MAMÁ ÁFRICA (30): ADIÓS, BOTSUANA, ADIÓS

La isla de los elefantes ya no es la isla de los elefantes. Como por arte de birlibirloque, todos han desaparecido, ya no queda ni uno, de la infinidad de ellos que la poblaban en la tarde de ayer, que en mis papeles figura como 28 de julio. Vadearon el río Chobe y se fueron a otra parte, y quizás al hacerlo se cruzaron con su relevo. Porque, en efecto, la superficie que dejaron libre ha sido colonizada de nuevo. Sobre la lisura de su relieve destacan ahora otras moles, cuya envergadura también resulta imponente, aunque sea mucho menor. Son una manada inmensa de búfalos, que pacen a placer. Alguna hembra mantiene cerca de sí a su cría que, a despecho de los cocodrilos, ha conseguido arribar a esa tierra de promisión herbívora,  nadando en medio del rebaño, que así le brindaba protección. Nadie diría de la agresividad de estos animales, viéndolos en tan idílica imagen como la que nos ofrecen.

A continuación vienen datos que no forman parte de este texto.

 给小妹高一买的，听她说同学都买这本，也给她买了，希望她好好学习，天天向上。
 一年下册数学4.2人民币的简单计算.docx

   No hace mucho que ha amanecido. Hemos dormido en cama y bajo techo, alojados en un hermoso hotelito de planta casi circular y dos pisos, que se levanta escaleras arriba de un modesto embarcadero. Cenamos con quienes nos han preparado las comidas en nuestras incursiones a donde nadie había, sino fauna salvaje, o conducido los jeeps por tortuosos caminos de arena. Se ha creado un vínculo muy especial con ellos y me cuesta decirles adiós. Doy un abrazo al cocinero. Me gustaría agradecerle su buen hacer y el de sus compañeros, y su afabilidad y buen trato, pero sólo me sale disculparme por mi paupérrimo inglés, que no me permite transmitir cuanto siento. Su contestación me conmueve. “Cuando vuelvas –me replica- yo sabré español…”.
   Antes de salir por carretera hacia Zimbabue, damos un paseo acuático. La barcaza que nos lleva tiene dos alturas. Abajo, con los costados al aire, desayunamos sentados en torno a varias mesas; la planta superior, orillada de una bancada de madera, nos sirve de oteadero móvil. Gozamos con el descubrimiento de especies que ya encontramos ayer. Continúan campando por sus respetos, volviendo insaciables a nuestros ojos, como si, con su aparición reiterada, quisieran asegurarse de que no vamos a olvidarlos.
   Ahíto de ver cocodrilos, me precipito, sin embargo, ante cada nuevo descubrimiento, igual de sorprendido que si fuese el primero. Se mimetizan de tal manera en el paisaje que muchas veces sólo los localizo cuando se meten en el agua. Y, no obstante, son monumentales, dan miedo con sólo mirarlos, por más que mantengan la boca cerrada, como esa pareja que hace un momento estaba y ya no está.   
   Estoy consultando en mi guía de aves la identidad de dos que acabamos de dejar atrás, tan estáticas que parecían disecadas. Su porte me decía que se trataba de cigüeñas, y no me engañaba, aunque desconociera sus nombres respectivos. Pero de repente lo dejo todo, y no será hasta más tarde cuando sepa que una era un tántalo africano de pico amarillo y cabeza roja, y la otra una cigüeña de pico abierto, que, abombado en el centro, nunca se le cierra.
   Lo que ha pospuesto mis indagaciones es una voz que, en cauteloso susurro, conmina a mirar hacia la orilla. Cierro apresuradamente el libro de pájaros y me encuentro con varios hipopótamos pequeñitos y uno muy grande, que responden a nuestro interés con total indiferencia. Eso sucede poco antes de que un congénere suyo, que emerge de las profundidades, nos regale una inesperada cabriola. Por un instante, con todo su cuerpo fuera del agua, se asemeja a una ballena. Desde tierra, cinco jirafas no prestan la más mínima atención a ese número circense.